An important part of the service-learning process is for students to write down their thoughts afterwards. A reflection from a nursing student after a service-learning experience at St. Martha’s Activity Center was, “I cannot begin to explain how this experience further proved that nursing is exactly what I want to do.”
Phyllis L. Simpson, Ph.D., Dean of Student Services and Director of Counseling for Our Lady of the Lake College was recognized as one of the nation’s “Outstanding First Year Educators” by the Center for the First Year Experience and Students in Transitions. Attendees of this group’s national conference honored Dr. Simpson at its annual meeting held in San Diego, California, February 15-18, 2014.
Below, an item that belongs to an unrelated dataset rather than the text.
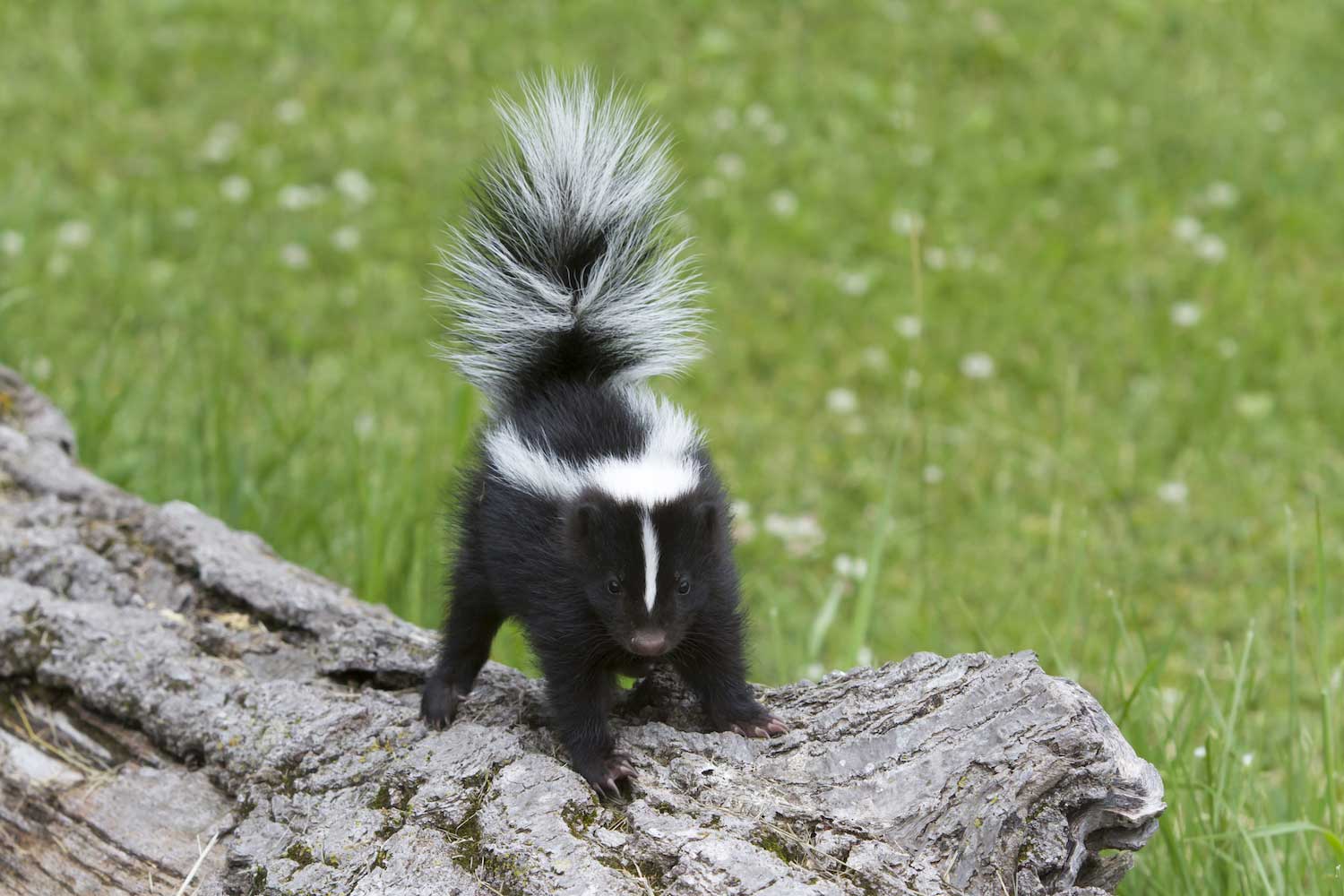 A young skunk on a log.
Each year a national panel of distinguished educators review the top 100 applications, selecting ten for recognition. All of these top educators demonstrate the common goal of improving the educational experience of first-year students in colleges and university throughout the United States.
David England, Ph.D., Executive Vice President for Academic and Student Affairs stated unequivocally, “It is hard to imagine there being a more worthy recipient! Phyllis Simpson has long served as one of our College’s richest resources as the scores of students she helps each year will readily attest.”
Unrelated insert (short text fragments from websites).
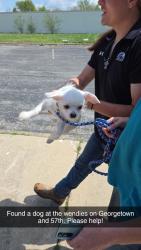 Found/Stray Male Dog last seen Wendies by 57th and georgetown, Indianapolis, IN 46254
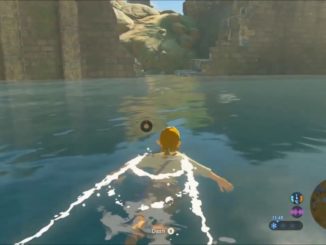 Breath of the Wild glitch – Beautiful view of lively setting underwater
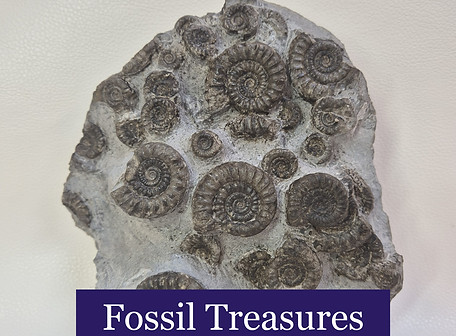 fossil_edited_edited.jpg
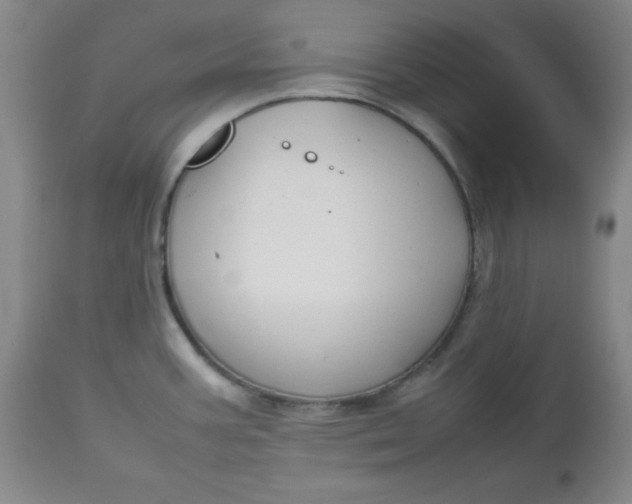 X0000112731387200909101440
As the nomination stated, “Phyllis Simpson is an educator who believes that true collegiate learning must happen both inside and outside of the classroom walls.” With her strong teaching background and her proficiency as a reading specialist, she helped to re-vamp the academic seminar to adapt program-specific reading strategies and incorporate learning style inventories to improve testing/study strategies. She created a tutor lab and established a First Year Student Experience program which had students meeting with her one-on-one several times during their initial year at OLOL College. Recognizing that first year students at a commuter college would benefit from more connections to the campus, Dr. Simpson began working energetically to make student organizations more active. Additionally, she has led civic engagement efforts on campus and works as Co-Chair for the College’s acclaimed Service-Learning programs. As a result, retention efforts for incoming freshmen are improving steadily.
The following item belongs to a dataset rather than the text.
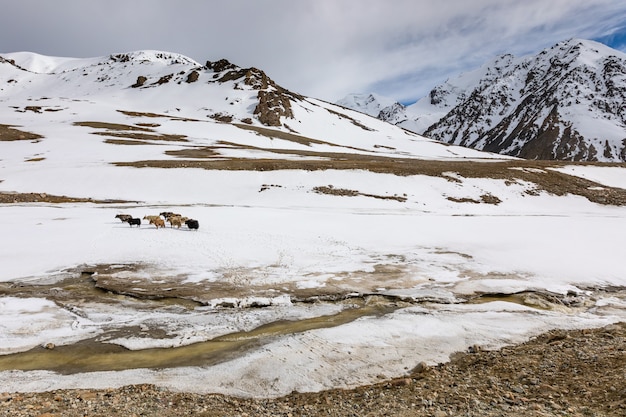 Foto iaques no planalto do parque nacional khunjerab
Students sincerely appreciate her contribution to their education. Biology major Derek Wiltz said "Dr. Simpson has helped me grow in so many ways . . . She is an exceptional leader and teacher, always giving us great support that not only helps academically but encourages us with our career goals." Non-traditional student Melanie Koscick who returned to school at the age of 45 added, "As someone who has been out of school for over twenty years, Dr. Simpson has been my guiding light and my anchor. She has not only assisted me with how to handle college in this day and age, but has helped me to believe that I can accomplish great things."
Dr. Simpson has been involved with various areas of education since 1970, and has taught at every grade level except for kindergarten and first grade. Among her many accomplishments, she has authored teaching manuals for postsecondary reading textbooks as well as a strategy textbook for elementary/junior high teachers. Receiving her B.S. degree from Louisiana State University (LSU), her Masters of Education from Southeastern Louisiana University, and her Ph.D. from LSU in 1998, Dr. Simpson began her teaching career in Washington Parish in the early 70s, taught at Southeastern Louisiana University in the 90s, and then became a member of the staff at OLOL College in 1997.